Some came to play in the snow – we just came for a look at Paradise – one of the snowiest places on earth.

The Visitor Center was closed, so we soon drove back down the mountain, stopping to view the Nisqually Glacier,

the source of the Nisqually River.

Just a sliver of river flows now but soon it will become a torrent of snowmelt and glacial flour.

Further down we were able to walk in the riverbed.

Eventually the river makes its way down the mountain for seventy-eight miles before emptying into Puget Sound, at the Billy Frank Jr. Nisqually National Wildlife Refuge.

According to the website; “Billy Frank Jr. Nisqually National Wildlife Refuge was established in 1974 to protect the Nisqually River Delta from development for the benefit of fish, wildlife, and plants, especially migratory birds. The diversity of habitats hosts at least 250 species of birds and other wildlife including: insects, fish, amphibians, reptiles, and mammals. Habitat management enhances freshwater wetlands to meet migratory bird requirements but also offers exceptional viewing, nature and landscape photography opportunities.

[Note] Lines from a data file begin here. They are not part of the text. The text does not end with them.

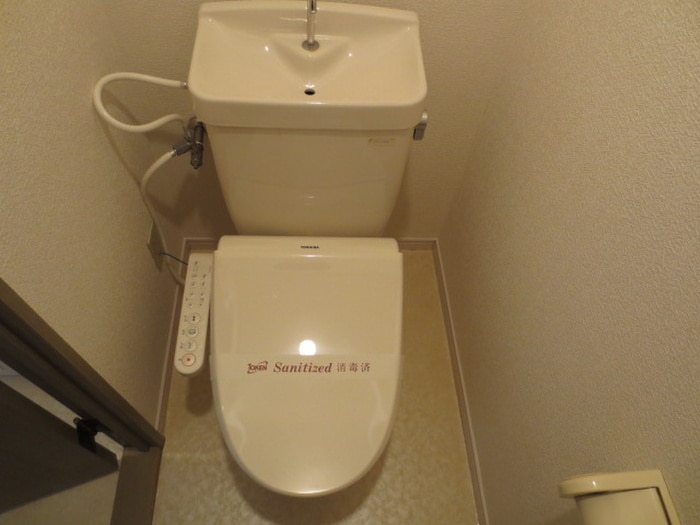 サンローズ東浦の物件内観写真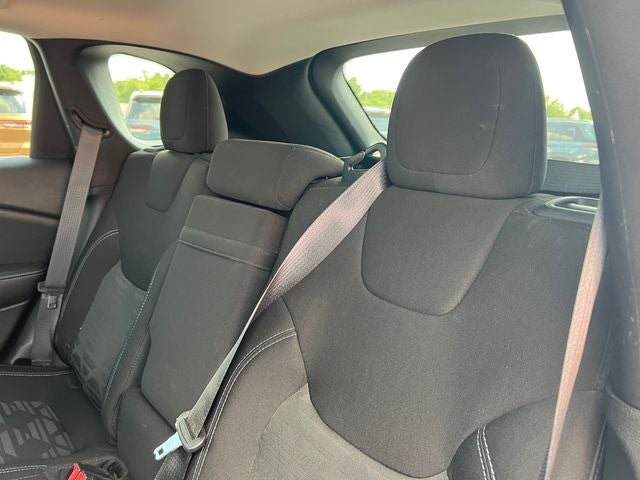 2019 Jeep Cherokee North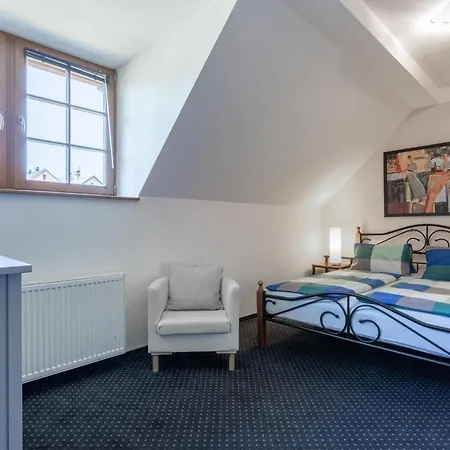 Bavaria Guest house *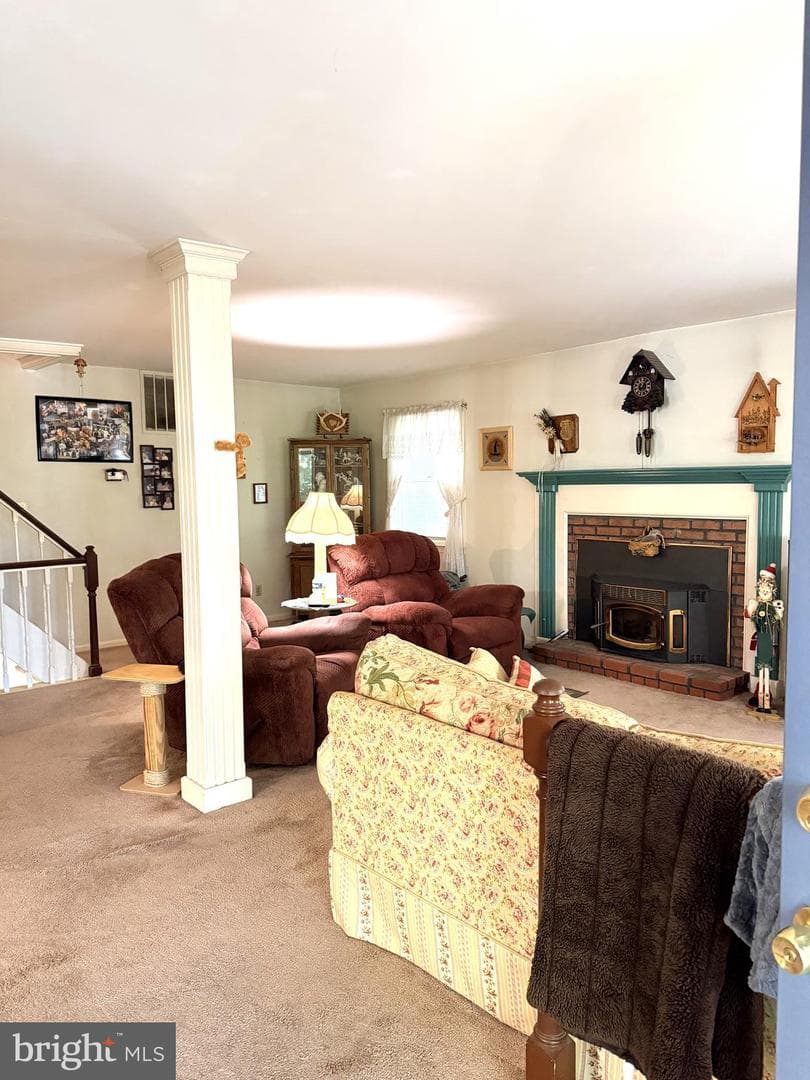 490 John Brown Farm Road photo 7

We went there one fall day and saw the crown of Mt. Rainier in the distance and wildlife in abundance.

It’s time for another visit.

Another day.

~ Susanne

19 Comments on “Walking in a Riverbed at Mt. Rainier – Following the Nisqually River

  1. Wow, you took so many beautiful photos, Susanne! I would love to hike this place. ☺️

  2. Being able to walk along an almost dry riverbed is something very interesting. I have never managed to do anything like that in the UK.
    Best wishes, Pete.

    • Thanks, Pete. 😊 We stopped to look at a waterfall in the distance and the trail crossed the river. Won’t be along till the river grows with the snowmelt.

  3. Wow, Susanne! What a stunning set of images. There is something wonderful about seeing snow-capped mountains on a warm, spring day. Fascinating that Nisqually is home to such a large glacier! Years ago I walked on a glacier at the top of Mt Dana on the east end of Yosemite outside of Tuolumne Meadows. Funny how it looks so small from a distance but you walk on it and it seems never-ending. Glad you had a great day and hopefully not too warm!

  4. Stunning scenery in all weathers! We walked the Nisqually Vista trail on our July visit to the park amd there was still quite a bit of snow even then.

    • Really true, Sarah! I love the Nisqually Vista trail, but all the trails at Paradise were under snow. There were snow-free trails at Longmire but this time we mainly enjoyed the scenery from the road and overlooks. And from a riverbed! 🙂

    • Mt. Rainier is wonderful, always good for a visit! 😊 Do you mean the eruption of Mt. St.Helens, a little further south? She blew her top back in 1980, with catastrophic mudslides, and covered the area with volcanic ash. Were you here for that?